Ed Stansfield of Capital Economics, who first pointed to the housing comparison between Australia and Britain, concedes the parallels are not perfect. The rise in household debt has hit harder there, with debt-serving payments reaching record levels at the end of last year. In Britain, by contrast, the market has been supported by the fact that, despite rising debt, mortgage payments are well below previous peaks as a proportion of income. Another difference is housing supply. The shortage of new properties is much less of a problem in Australia.

On the face of it, another very big difference is that neither the housing market nor consumers generally seem to be responding to higher rates in Britain. House prices are up by more than 20% on a year ago, while official figures last week showed retail sales steaming ahead, up 0.8% in volume last month, and 7.4% up on May last year.

The question is whether, like King, we interpret recent straws in the wind as a sign that the housing market is indeed cooling. The National Association of Estate Agents, in opposing this month’s rate rise, said it was unnecessary because the housing market was already slowing. Steven Andrew, an economist with Isis Asset Management, said the latest survey by the Royal Institution of Chartered Surveyors, which shows a gap opening up between instructions to sell and new-buyer enquiries, suggests a significant slowdown is looming. Figures on Friday showed mortgage lending last month was £1 billion down on April.

Could it turn, as in Sydney and Melbourne, into something worse? And what would the Bank do about it? In Australia, the central bank has used the evidence that its medicine is working in the housing market as a reason to stop raising rates.

The position here is slightly different — rates were cut more aggressively and are still below what the Bank regards as a neutral level. But some analysts think housing will be the factor that intervenes to stop the Bank raising rates much more. A falling pound would be a complicating factor, although the MPC will be comforted by evidence showing the “pass-through” from a lower exchange rate into inflation is weaker than in the past.

This is a difficult time. The Australians appear to have achieved an almost perfect response, with barely a lag between the decision to raise rates and its effect. In Britain the Bank faces lags that will lead to the temptation to keep on raising interest rates until something gives.

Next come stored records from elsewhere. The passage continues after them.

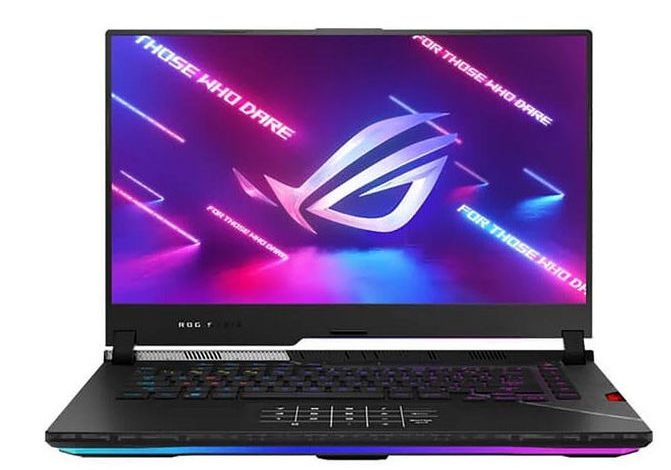 آیا لپ تاپ ایسوس خوب است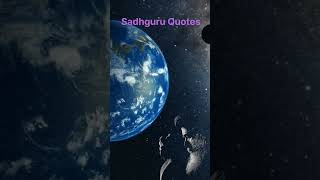 Sadhguru Quotes #ytshorts #sadhguru latest #sadhguru videos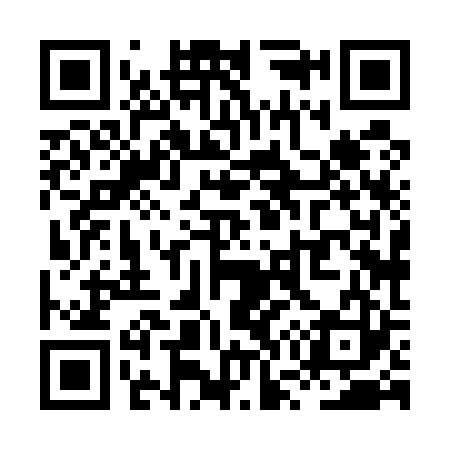 QR code for XW8523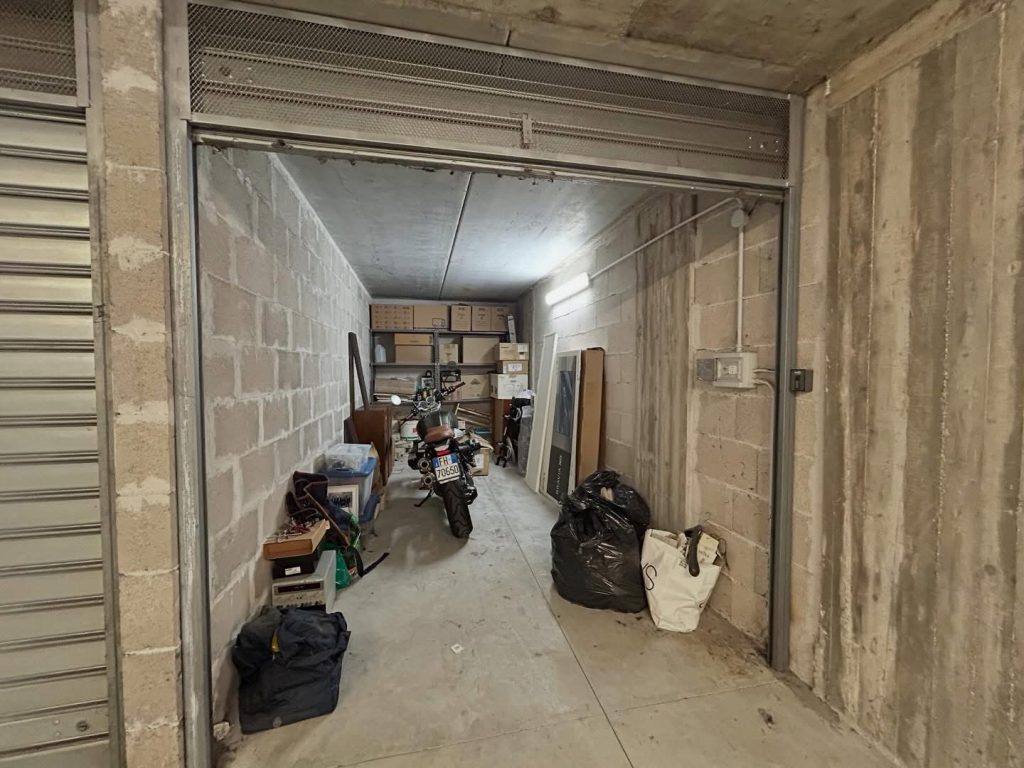 VIA MORSASCO - Foto 15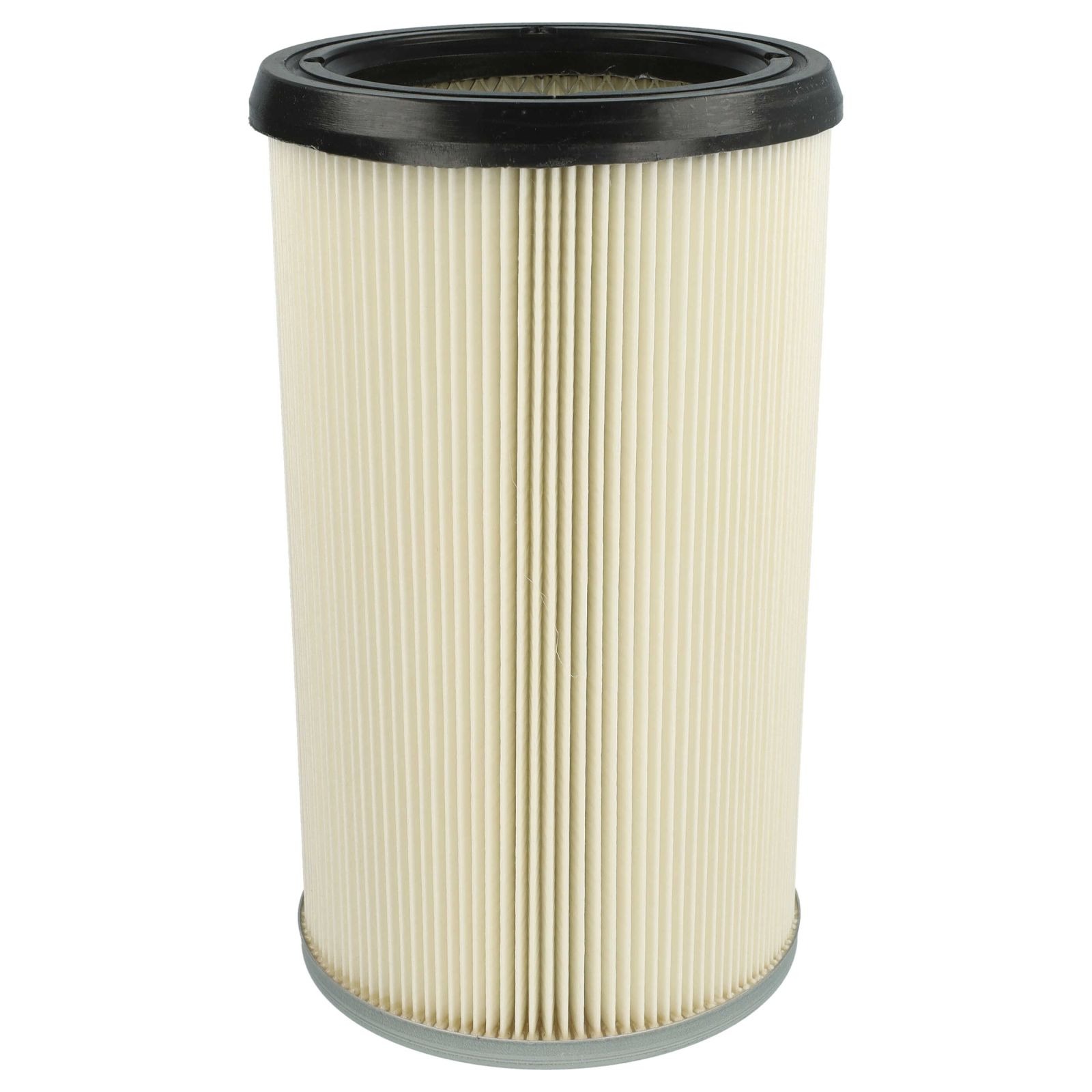 Kartušni filter za Kärcher NT 200 / NT 601 / NT 602 / NT 801, 5.731-007.0 - slika 2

In these circumstances, calibrating exactly how much rates need to rise is the Bank’s big challenge.

PS: Not everybody celebrates good news in the jobs market. Figures last week showed a drop in the claimant count to 862,000, down 12,000 on the month to just 2.8% of the workforce. That’s well within the conventional definition of full employment — 2%-3% unemployment. The wider Labour Force Survey measure of unemployment fell to 1.43m. Employment is at a record 28.3m.

But according to the Chartered Institute of Personnel & Development (CIPD), which holds its annual recruitment and retention conference this week, the flipside of this is that firms are having increasing problems in finding staff. In a survey of nearly 1,000 employers — private and public — 85% reported recruitment difficulties in the past year.

When organisations cannot recruit the people they want, they respond in a number of ways, often by taking on staff without the right qualifications and then training them. Increasingly, though, the CIPD survey suggests more are responding by paying higher salaries. With official figures already showing average earnings rising by more than 4%, excluding bonuses, there will be some concern about this.

Ministers, while happy to have got unemployment down, are now trying to deal with the more difficult problem of getting more of the “economically inactive” back into jobs. That includes pilot programmes to steer some of the 2.7m on incapacity benefit into work. Initial results have been encouraging. The message from employers is that extra labour supply cannot come soon enough.